- Born: Otto Clarence Luening June 15, 1900 Milwaukee, Wisconsin, U.S.
- Died: September 2, 1996 (aged 96) New York City, New York, U.S.
- Occupations: Composer, conductor
- Spouse(s): Ethel Codd Luening (m. 1927, div. 1959) Catherine Brunson (m. 1959)

= Otto Luening =

German-American composer and conductor (1900–1996)

Otto Clarence Luening (June 15, 1900 – September 2, 1996) was a German-American composer and conductor, and flutist. He was an early pioneer of tape music and electronic music.

==Biography==
Luening was born in Milwaukee, Wisconsin to German parents, Eugene Luening, a conductor and composer, and Emma (nee Jacobs), an amateur singer. When he was 12, his family moved to Munich, where he studied music at the State Academy of Music. At age 17, he moved to Switzerland and attended the Municipal Conservatory of Music in Zürich and University of Zurich, where he studied with Ferruccio Busoni and Philipp Jarnach, and was also an actor and stage manager for James Joyce's English Players Company. He returned to the United States in 1924, and appeared mainly as a conductor of operas, in Chicago and the Eastman School of Music.

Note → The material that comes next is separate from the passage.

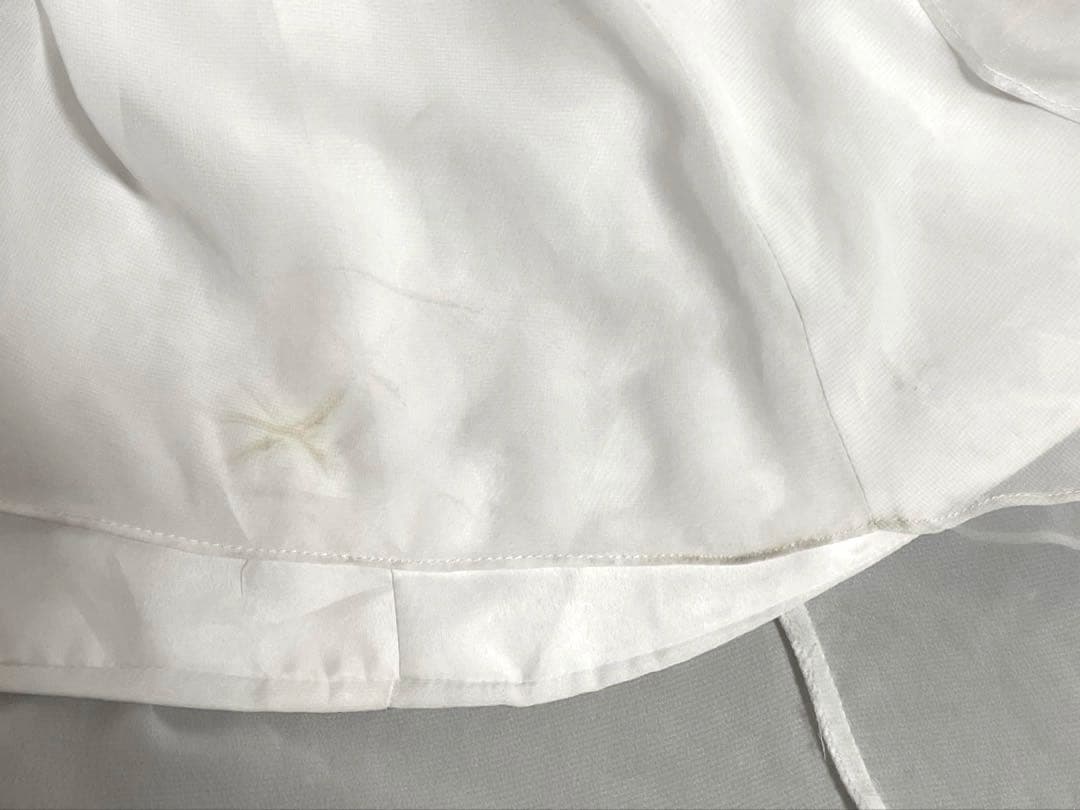 ドレスプロダクション　オフショルダーオーガンジーフリルドレス　w248 前撮り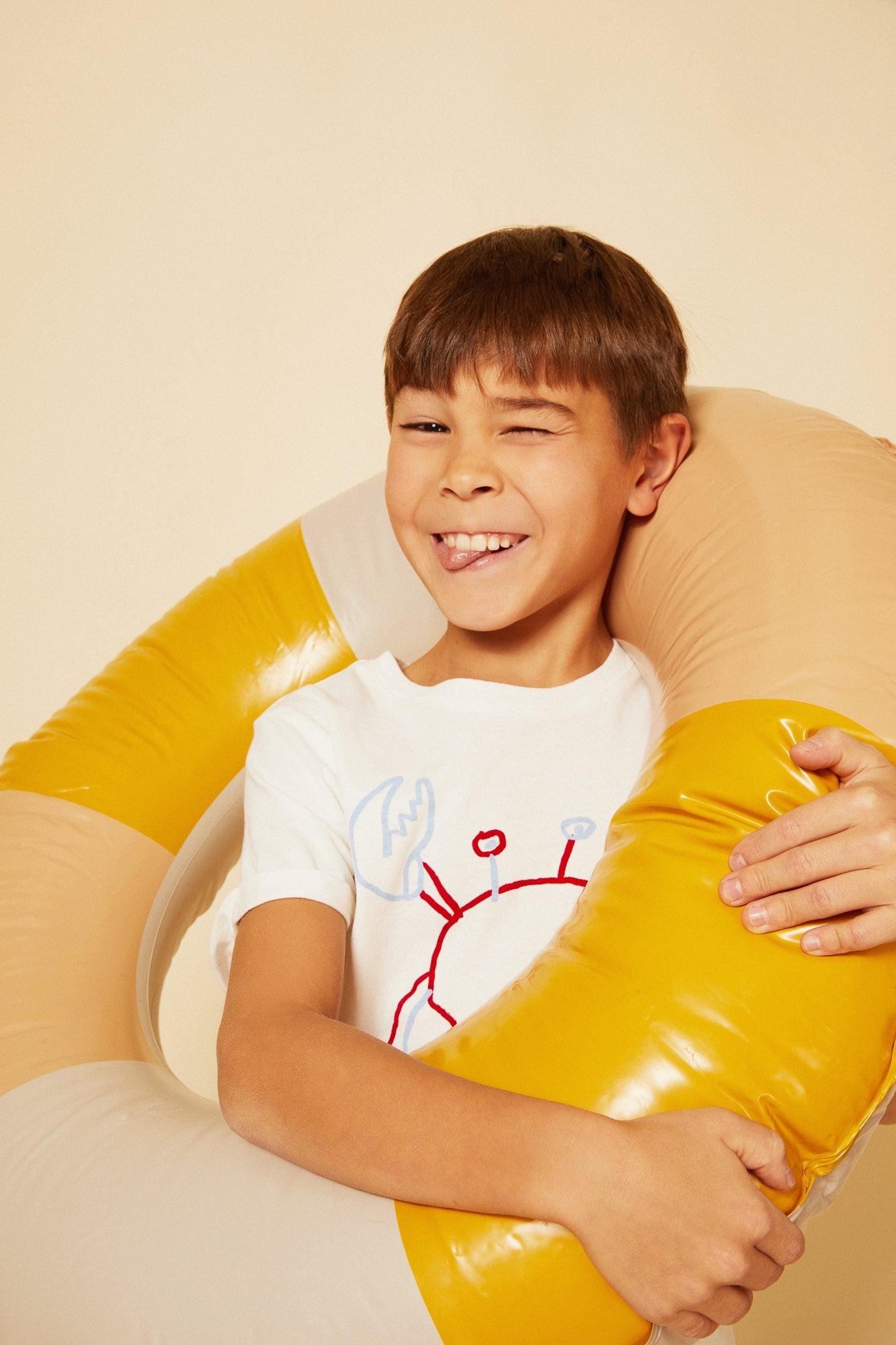 Recycled Cotton Crab Kid T-shirt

His conducting premieres included Virgil Thomson's The Mother of Us All, Gian Carlo Menotti's The Medium, and his own Evangeline. Evangeline, based on the poem by Henry Wadsworth Longfellow, premiered at Columbia University in New York City in 1948.

Luening's tape music, including A Poem in Cycles & Bells, Gargoyles for Violin & Synthesized Sound, and Sounds of New Music demonstrated the early potential of synthesizers and special editing techniques for electronic music. An October 28, 1952 concert with Vladimir Ussachevsky at the Museum of Modern Art in New York City introduced Fantasy in Space, flute recordings manipulated on magnetic tape, and led to an appearance on The Today Show with Dave Garroway. Luening was co-founder, along with Ussachevsky, of the Columbia-Princeton Electronic Music Center in 1958. He also co-founded Composers Recordings, Inc. in 1954, with Douglas Moore and Oliver Daniel.

He died in New York City in 1996. His notable students include Chou Wen-chung, Charles Wuorinen, Joan Tower, John Corigliano, Harvey Sollberger, Faye-Ellen Silverman, Dave Soldier, Sol Berkowitz, Elliott Schwartz, Bernard Garfield, Norma Wendelburg, Wendy Carlos and Karl Korte.

==Personal life==
He married Canadian soprano Ethel Codd on April 19, 1927, and divorced in 1959. He married Catherine Brunson, a music teacher, September 5, 1959, and was with her until his death.

==Works==
Luening set songs to words by Oscar Wilde, Emily Dickinson, Lord Byron, Walt Whitman, William Blake, Percy Bysshe Shelley, Sharpe, Naidu, Hermann Hesse, and Johann Wolfgang von Goethe. A selection of those recorded include "She walks in Beauty", "Farm Picture", "Little Vagabond", "Young Love", "Wake the serpent not", "Requiescat", "Venilia", "Locations and Times", "Noon Silence", "Visor'd", "Infant Joy", "Good-night", "I faint, I perish", "Transience", "At Christmas time/In Weihnachtszeiten", "Ach! wer bringt die schönen Tage", Songs of Emily Dickinson, "Love's Secret", "Harp the Monarch Minstrel swept", and a Joyce Cycle.